Cumprir o juramento maçônico é fortalecer a fé em um futuro de progresso para a sociedade humana. Esse compromisso não se restringe ao ambiente ritualístico: ele se expande à vida pública, à profissão, à família etc.

O maçom sabe que não vive temporariamente neste planeta sem um propósito justo. Assim, cada tarefa é iniciada exaltando a glória do Grande Arquiteto do Universo. O trabalho maçônico é um laboratório ético, onde a prática da caridade não busca resolver, sozinha, a miséria do mundo, mas treinar o coração para o bem.

Maçonaria e Defesa Ativa da Liberdade

De orientação não pacifista, a Maçonaria entende que a paz não pode ser confundida com passividade diante da injustiça. Cabe ao maçom "retirar a paz" dos que abusam do poder e dos falsos irmãos, constrangendo-os à mudança ou isolando-os para proteção da sociedade. Se perseguido por sua integridade, o maçom sabe que encontrará asilo na loja, espaço de justiça e equidade.

Esse aspecto se relaciona com o pensamento de Cícero, que via a justiça como "o mais elevado dever do homem em sociedade", sendo injusto não apenas o que pratica o mal, mas também o que, podendo impedir o mal, nada faz.

O Legado Maçônico na História

O progresso civilizatório moderno traz, direta ou indiretamente, a marca de ações maçônicas. A defesa da liberdade de imprensa, a separação entre Igreja e Estado, a promoção da educação universal e a luta contra a escravidão contaram, em diferentes momentos, com maçons destacados entre seus protagonistas.

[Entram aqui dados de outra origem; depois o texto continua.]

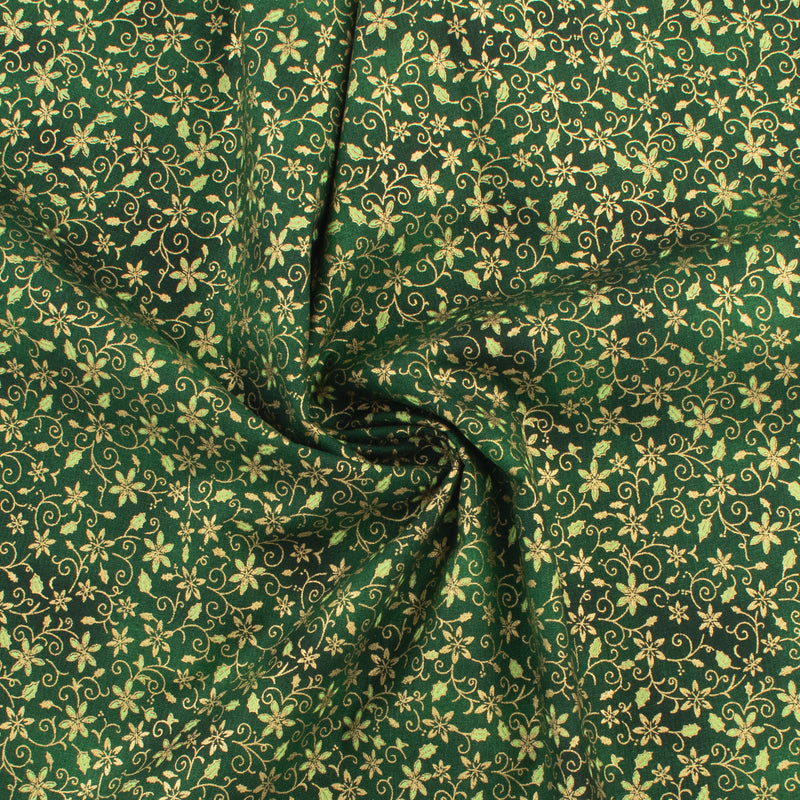 Coton imprimé - Assortiment des Fêtes - 008 - Vert et Doré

Esse legado é também uma expressão da fé maçônica: não apenas na vida futura, mas na possibilidade de aperfeiçoamento constante da humanidade, pela razão e pela ação moral.

Fé Racional e Dever Perene

A fé do maçom não é superstição; é confiança lúcida em um propósito universal. A razão lhe dá os instrumentos para discernir o justo, e a espiritualidade lhe fornece a motivação para agir. Como guardião da liberdade de consciência, ele combate o radicalismo e defende a dignidade humana. Como discípulo da tradição cavaleiresca, assume riscos e não teme a luta pela justiça. Como servidor da humanidade, busca a perfeição moral, golpeando incessantemente os vícios que o afastam do ideal.

Razão e fé se entrelaçam na vida maçônica: a primeira ilumina o caminho; a segunda dá coragem para trilhá-lo até o fim.